▽

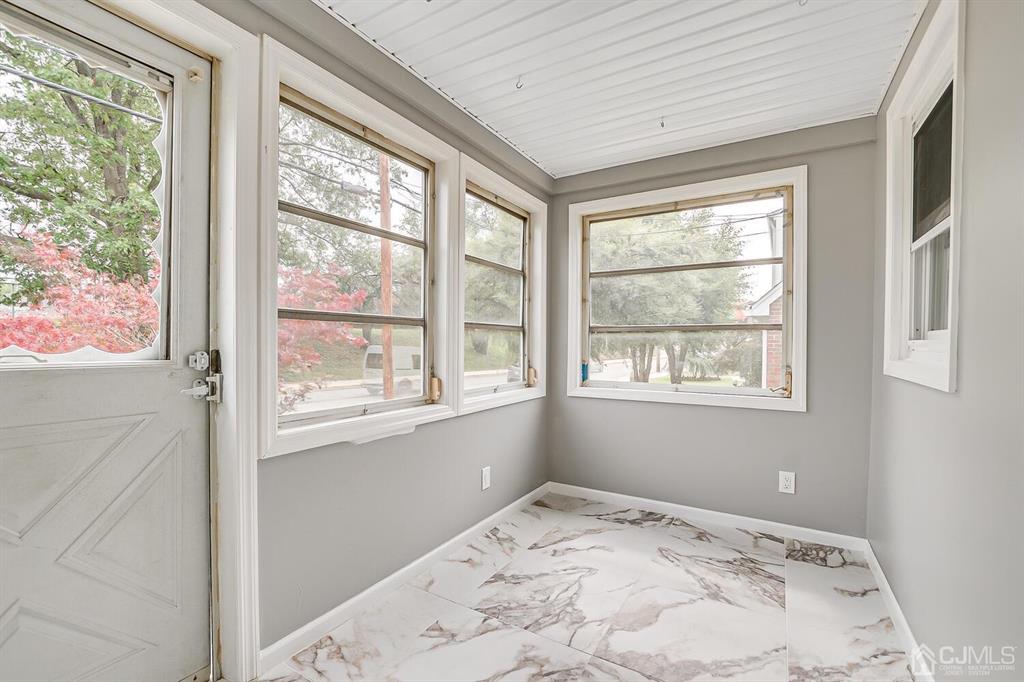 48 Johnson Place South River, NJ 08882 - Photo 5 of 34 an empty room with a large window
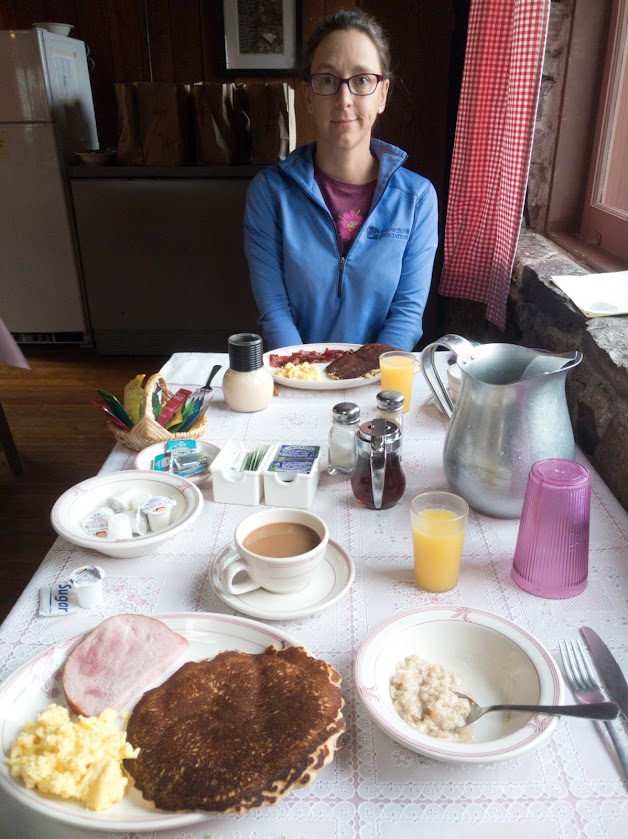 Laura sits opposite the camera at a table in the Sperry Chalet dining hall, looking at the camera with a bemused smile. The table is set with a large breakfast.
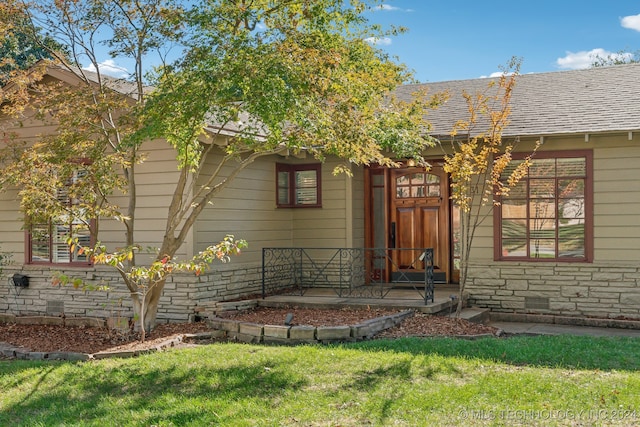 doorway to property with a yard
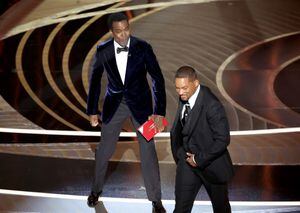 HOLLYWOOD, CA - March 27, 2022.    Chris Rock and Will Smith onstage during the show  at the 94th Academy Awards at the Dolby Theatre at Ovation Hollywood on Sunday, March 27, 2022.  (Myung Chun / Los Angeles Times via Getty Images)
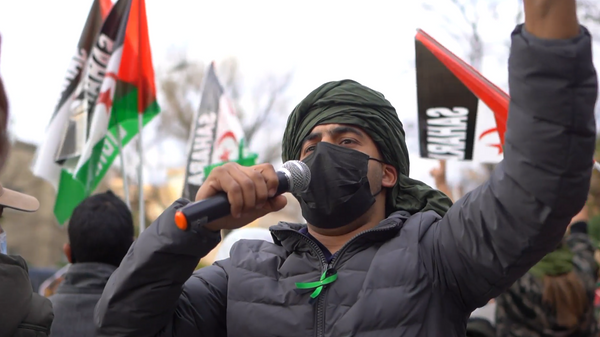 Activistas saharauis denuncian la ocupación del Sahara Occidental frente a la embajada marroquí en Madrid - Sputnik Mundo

△
▽

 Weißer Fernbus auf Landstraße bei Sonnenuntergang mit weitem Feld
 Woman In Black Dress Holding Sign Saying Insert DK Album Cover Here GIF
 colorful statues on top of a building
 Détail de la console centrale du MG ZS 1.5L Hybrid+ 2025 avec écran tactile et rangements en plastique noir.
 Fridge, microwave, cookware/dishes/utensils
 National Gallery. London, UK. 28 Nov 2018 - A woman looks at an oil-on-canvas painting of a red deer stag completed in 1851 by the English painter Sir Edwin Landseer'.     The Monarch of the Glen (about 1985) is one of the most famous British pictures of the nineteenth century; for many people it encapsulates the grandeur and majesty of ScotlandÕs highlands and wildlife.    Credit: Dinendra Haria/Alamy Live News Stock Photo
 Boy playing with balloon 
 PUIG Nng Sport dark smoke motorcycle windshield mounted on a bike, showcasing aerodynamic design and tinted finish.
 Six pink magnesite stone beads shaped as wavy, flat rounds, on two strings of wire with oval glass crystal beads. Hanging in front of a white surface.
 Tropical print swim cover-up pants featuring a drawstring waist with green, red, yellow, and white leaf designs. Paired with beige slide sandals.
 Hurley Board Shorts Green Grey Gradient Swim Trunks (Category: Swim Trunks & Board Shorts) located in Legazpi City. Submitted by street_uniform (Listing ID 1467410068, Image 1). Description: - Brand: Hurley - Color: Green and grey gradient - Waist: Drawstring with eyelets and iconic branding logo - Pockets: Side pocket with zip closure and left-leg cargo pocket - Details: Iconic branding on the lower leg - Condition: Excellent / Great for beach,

△

## What you will do:
In the records above, find each line with the string "white" and list it.

## Solution below:
 Six pink magnesite stone beads shaped as wavy, flat rounds, on two strings of wire with oval glass crystal beads. Hanging in front of a white surface.
 Tropical print swim cover-up pants featuring a drawstring waist with green, red, yellow, and white leaf designs. Paired with beige slide sandals.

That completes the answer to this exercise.